- **Task**: Ignoring the pictures, copy the data exactly.

- **Given information**:
==================================================

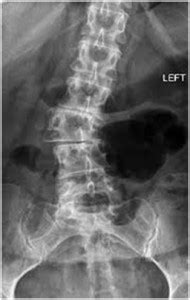 Adult Degenerative Scoliosis - Scoliosis Physiotherapy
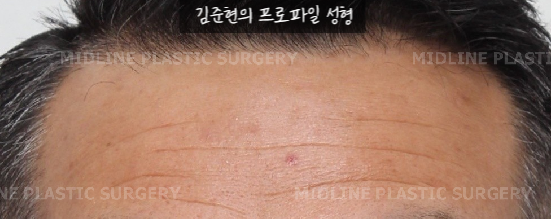 쌍꺼풀을 하려는데 이마주름이 심각해요....어떡하죠? 상남자의 자연스런 쌍꺼풀 만들기(Feat. 내시경 이마거상) 관련 이미지 2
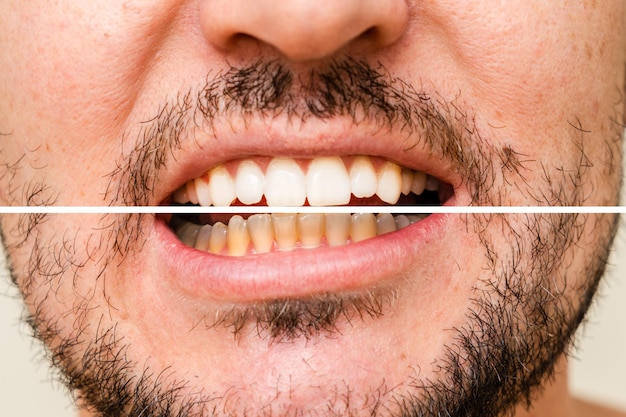 Foto os dentes do homem antes e depois do branqueamento e dos aparelhos ortopédicos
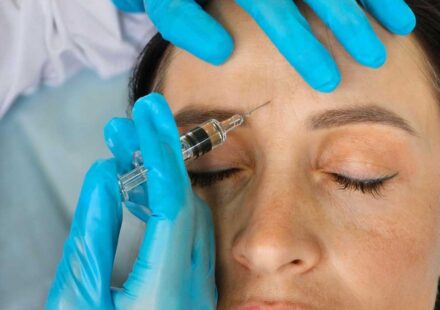 Anti-Wrinkle Injections in London: Costs, Results & What to Expect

==================================================

- **Finished task**:
 Adult Degenerative Scoliosis - Scoliosis Physiotherapy
 쌍꺼풀을 하려는데 이마주름이 심각해요....어떡하죠? 상남자의 자연스런 쌍꺼풀 만들기(Feat. 내시경 이마거상) 관련 이미지 2
 Foto os dentes do homem antes e depois do branqueamento e dos aparelhos ortopédicos
 Anti-Wrinkle Injections in London: Costs, Results & What to Expect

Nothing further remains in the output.